Conclusion

The story about Nick and his one-week project shows that a well-defined process can also be applied to very small projects. Nick follows "the Spirit of the RUP," and applies only the parts of the RUP that are relevant in the context of his one-week project.

Nick is very aware of risks, both technical (technologies, languages, interfaces, and performance) and business (schedule, expenditure, and missed expectations). He uses an iterative process to mitigate these risks, rapidly trying out ideas to validate them, to get feedback from his customer, and to avoid painting himself into a corner. He also sets up a plan with a few well-defined milestones, although the project is only one week long.

Nick has a simple business case for embarking on this project, with reasonable estimates for both his expenditures and the potential revenue. He revises this business case when he discovers that the basic requirements have changed.

Nick develops a design, beginning with an overall architecture, which he tries out very early. He also does more detailed design in areas where the direction may not be obvious. Nick tries to make sure he fully understands Gary's needs and vice versa. He tries to ensure that Gary knows exactly what he will get. Rather than jumping right into what he thinks Gary needs, Nick dedicates some time to writing down requirements, features, and constraints. Then, he validates this with Gary several times to make sure they share the same vision of the product.
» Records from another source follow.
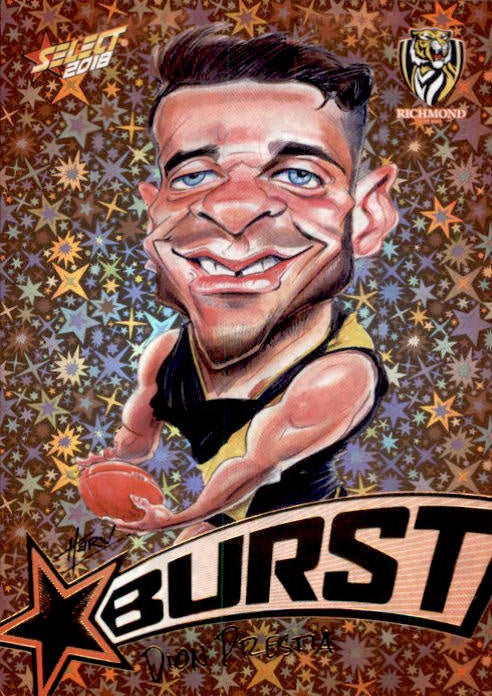 Dion Prestia, Starburst Orange Caricatures, 2018 Select AFL Footy Stars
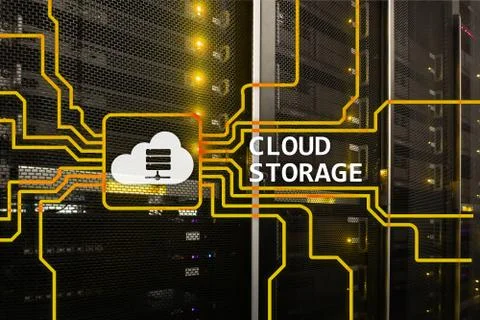 Cloud data storage concept on server room background. 스톡 사진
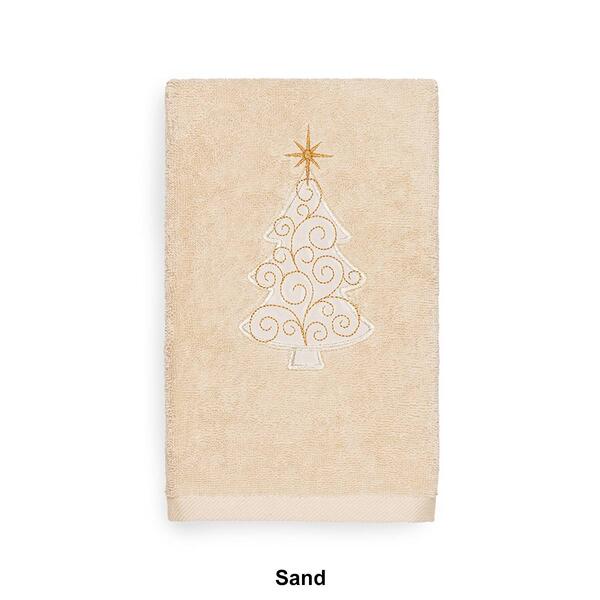 Linum Home Textiles Christmas Scroll Tree Hand Towel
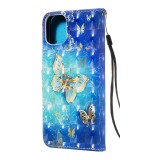 Fourre iPhone 11 - Flip 3D papillons dorés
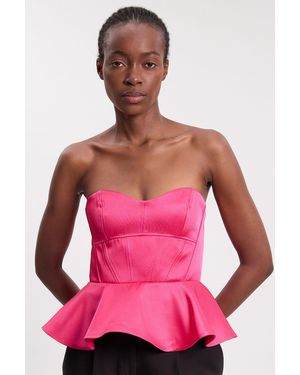 Karen Millen Bonded Satin Peplum Detail Woven Top - Pink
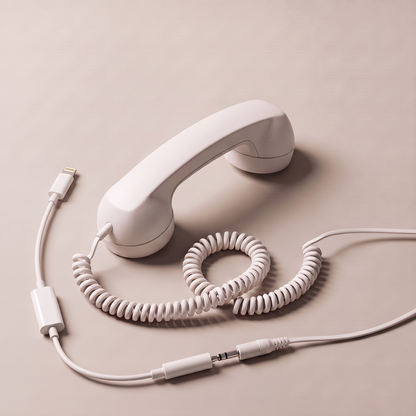 Ring Me handset in white, its 3.5 mm cord plugged into the included Lightning adapter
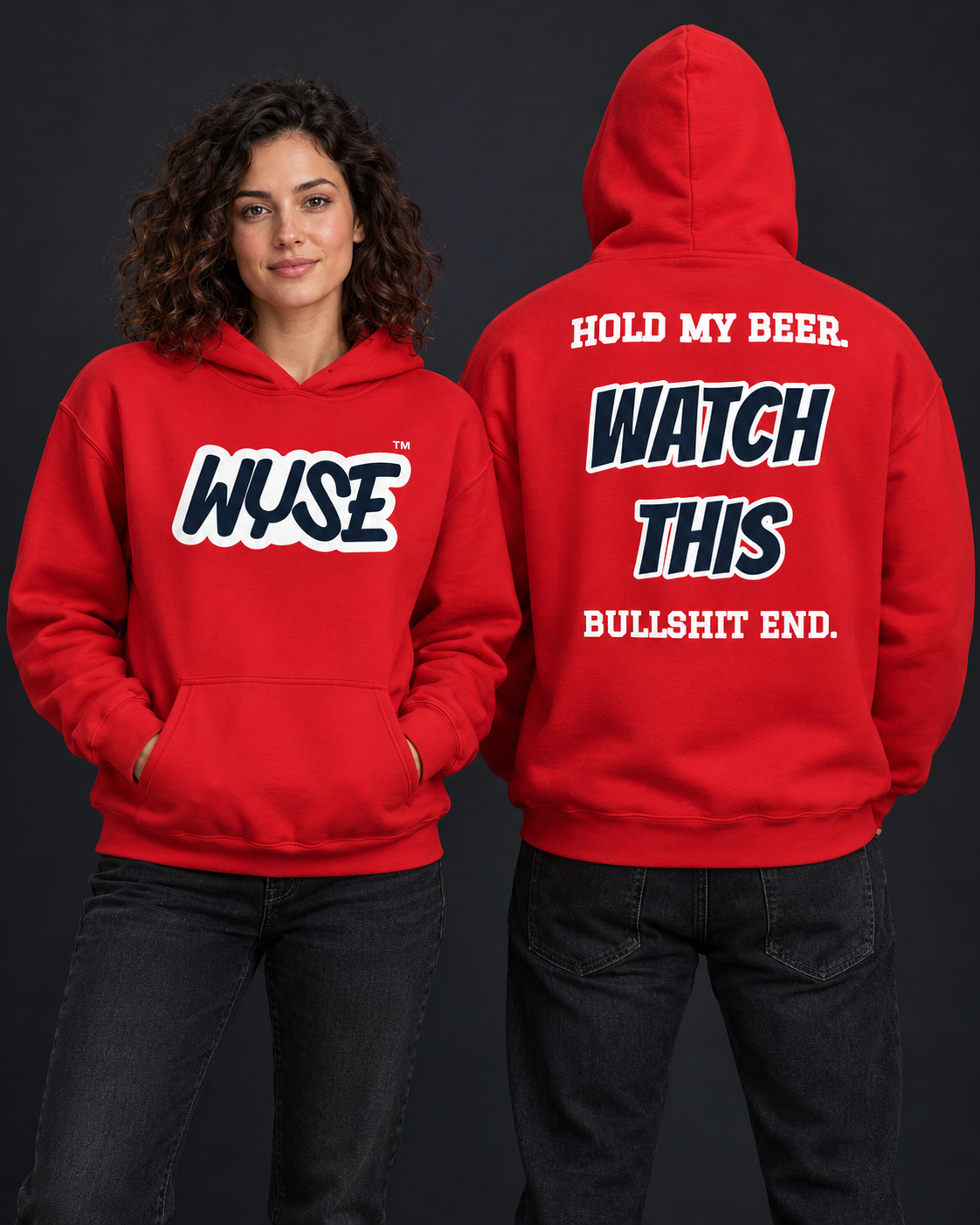 Houston Texans fan hoodie in red, shown from the front and back with navy WYSE chest artwork.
Nick tries to spend his time on the highest priority tasks , and he sees that no issue is left aside or ignored for too long. Whenever he finds a problem with the product through a failed test, or whenever Gary comes back with a new request or a better idea, Nick captures this in the form of a change request, and he keeps managing and reprioritizing the change requests to drive his hourly schedule.

Besides the code of the product, early on Nick develops a set of test cases that match many of the requirements, and thanks to the iterative process he uses, many of these tests are matured, refined, and improved over time, as he develops the product.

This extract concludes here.